# Bonding question for Bubinga in high stress application. EPI?



## Resbum (Mar 8, 2010)

I'm trying my hand at making a rifle stock. I found a piece of 4/4 Bubinga that I want to use. It has good grain and no sap pockets, so it's a good candidate for laminating together to get the 2 1/2" I need.

I've never put a lot of research into adhesives before, but this is going to be my all-purpose rifle that I keep for the rest of my life so I'm putting extra effort into doing it the best I can.

From all I've read over the last week Emulsion Polymer Isocyanate (*EPI*) adhesive would be the best choice to laminate the three pieces of bubinga together. I need something that will handle the stress of rough turning the blank, that bonds well to exotic hardwoods, is pretty much weather proof, is proven to last, can handle both large temperature and humidity changes, can handle repeated shocks from the 30.06 recoil, can be cold press clamped, and has an invisible glue line.

EPI adhesive fits all of those requirements.

The problem is I can't find it anywhere in the U.S. in retail quantities, and I've put a large amount of effort into finding it. Correction, I found one source and they wanted $192.50 for the (two) quart mixture. I did find several sources for it in European (UK) websites.

Questions:

Does anyone know where to get retail quantities in the states?

If not, does anyone know where I might be able to get some from a non-standard source?

If I can't find any, what are peoples recommendations for an alternative adhesive for my application?

Any other answers to questions I may not be thinking of or asking.

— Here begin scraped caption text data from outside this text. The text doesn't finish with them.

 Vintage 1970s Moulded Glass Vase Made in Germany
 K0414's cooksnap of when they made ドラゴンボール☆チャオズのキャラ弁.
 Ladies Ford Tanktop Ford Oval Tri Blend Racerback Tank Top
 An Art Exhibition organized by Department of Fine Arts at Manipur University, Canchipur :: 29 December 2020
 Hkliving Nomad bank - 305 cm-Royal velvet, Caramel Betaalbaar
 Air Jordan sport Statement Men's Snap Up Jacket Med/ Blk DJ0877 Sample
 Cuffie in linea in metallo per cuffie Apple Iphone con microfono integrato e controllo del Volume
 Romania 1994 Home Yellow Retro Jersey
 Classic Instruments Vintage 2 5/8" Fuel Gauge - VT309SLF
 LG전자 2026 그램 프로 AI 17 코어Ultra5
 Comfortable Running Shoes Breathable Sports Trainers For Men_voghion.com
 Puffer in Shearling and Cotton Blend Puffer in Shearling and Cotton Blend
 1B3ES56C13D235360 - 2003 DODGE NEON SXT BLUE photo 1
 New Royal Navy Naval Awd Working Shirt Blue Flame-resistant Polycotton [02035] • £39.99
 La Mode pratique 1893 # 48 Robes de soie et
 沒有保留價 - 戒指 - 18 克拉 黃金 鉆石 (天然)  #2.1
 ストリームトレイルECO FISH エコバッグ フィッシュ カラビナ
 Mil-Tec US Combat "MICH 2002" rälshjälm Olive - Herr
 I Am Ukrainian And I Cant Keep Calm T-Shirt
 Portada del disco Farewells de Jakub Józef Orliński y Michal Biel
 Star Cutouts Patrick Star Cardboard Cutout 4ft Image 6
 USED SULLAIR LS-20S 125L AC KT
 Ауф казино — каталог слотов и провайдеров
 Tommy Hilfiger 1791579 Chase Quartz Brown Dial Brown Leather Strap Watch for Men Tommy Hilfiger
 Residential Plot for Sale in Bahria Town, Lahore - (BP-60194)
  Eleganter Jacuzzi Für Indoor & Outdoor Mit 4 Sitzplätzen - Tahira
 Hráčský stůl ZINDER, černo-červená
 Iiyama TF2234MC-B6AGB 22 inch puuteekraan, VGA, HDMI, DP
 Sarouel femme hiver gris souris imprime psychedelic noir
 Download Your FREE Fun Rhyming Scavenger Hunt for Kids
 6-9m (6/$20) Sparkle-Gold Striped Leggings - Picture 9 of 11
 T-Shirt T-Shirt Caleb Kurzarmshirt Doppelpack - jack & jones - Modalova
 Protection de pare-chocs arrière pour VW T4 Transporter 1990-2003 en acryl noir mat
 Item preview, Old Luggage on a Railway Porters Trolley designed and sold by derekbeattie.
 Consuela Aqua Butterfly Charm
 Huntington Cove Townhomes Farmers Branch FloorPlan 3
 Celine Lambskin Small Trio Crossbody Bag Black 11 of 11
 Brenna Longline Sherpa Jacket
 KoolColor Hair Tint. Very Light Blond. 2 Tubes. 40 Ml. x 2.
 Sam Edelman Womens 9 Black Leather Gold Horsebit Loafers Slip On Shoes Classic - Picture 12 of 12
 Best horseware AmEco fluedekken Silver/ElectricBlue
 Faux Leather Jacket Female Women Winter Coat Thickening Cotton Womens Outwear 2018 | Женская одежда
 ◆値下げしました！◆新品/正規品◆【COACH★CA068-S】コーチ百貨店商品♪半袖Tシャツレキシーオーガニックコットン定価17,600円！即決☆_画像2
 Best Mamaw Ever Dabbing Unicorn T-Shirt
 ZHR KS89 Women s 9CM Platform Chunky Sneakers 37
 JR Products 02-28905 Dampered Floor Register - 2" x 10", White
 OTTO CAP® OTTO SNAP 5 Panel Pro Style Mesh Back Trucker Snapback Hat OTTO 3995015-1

I really need to find something to use by Thursday. Thursday afternoon I'll have access to a vacuum clamp and all the mechanical clamps I could dream of, and I'll be able to leave it clamped through Sunday. I'm not going to get a better opportunity to do it.

I'm getting kind of desperate here.

If you do recommend an alternative could you please try to justify your choice meeting the requirements I've listed above. I'm learning about adhesives as I go along.

I greatly appreciate any input people may have.

Resbum


----------



## woodnthings (Jan 24, 2009)

*Have you looked here?*

http://www.adhesivewarehouse.com/
:blink: bill


----------



## Texas Sawduster (Apr 27, 2009)

*Hhhhmmm*

Well, since I have not come across this type of situation as of yet, I don't have anything to offer except the traditional glues. I have some Hondoura Mahogany in short lengths and wanted to make a rifle stock as well. I have not investigated adhesives/glues as of yet. Let us know how this works for ya.


----------



## frankp (Oct 29, 2007)

For what it's worth, standard wood glue will do all the things you listed above as necessary features. If not that, then any 2 part epoxy (MAS, System 3, whatever) will also work just fine. Other than recoil shock, standard wood glue and epoxy go through the environmentals you listed pretty regularly, and I suspect you'll find there are plenty of stocks glued up with yellow wood glues, all over the place.


----------



## phinds (Mar 25, 2009)

I agree w/ Frank ... don't see why you need some expensive specialty glue. I do think, however, that you should use TiteBond III instead of just plain old yellow, because of it's better properties outdoors. Also, be careful to not overclamp and squeeze out so much of the glue that you weaken the joint. I made that mistake when I first started --- thought that tight clamping meant a good joint but I overdid it.

Paul


----------



## Resbum (Mar 8, 2010)

Thanks Woodnthings, Tex, Frank, and Paul,

Tex, I'll let you know the outcome.

Frank and Paul, thanks for the input. I was keeping epoxy and Titebond III as my alternatives. I found a supplier who said he may be able to get me a "sample" quantity of the EPI. I thought that was pretty decent of him to try. It appears the EPI is pretty much an industrial adhesive and generally sold in "Large" quantities. 

If that doesn't work out I'll be using the Titebond III. I spoke with one of the engineers at Franklin today and he gave his absolute support of Titebond II or III for my application. It turned out he was also the engineer who developed the clamping pressure numbers for the Franklin EPI I want to use and he helped me figure out how many clamps I'll need for the square area of my blank if I can get the EPI from the supplier.

Resbum


----------



## IdaCurt (Jan 5, 2010)

I use bubinga in bow building and use a product called Smooth-on epoxy,it's two part and works very well for high stress situations.

here you go http://www.binghamprojects.com/proddetail.php?prod=4063


----------



## Resbum (Mar 8, 2010)

Thanks for that very good info IdaCurt.:thumbsup:

Resbum


----------



## IdaCurt (Jan 5, 2010)

Your welcome,I never had a glue line failure using Smooth-on.

Prep mating surfaces very good with acetone as bubinga has natural oils.


----------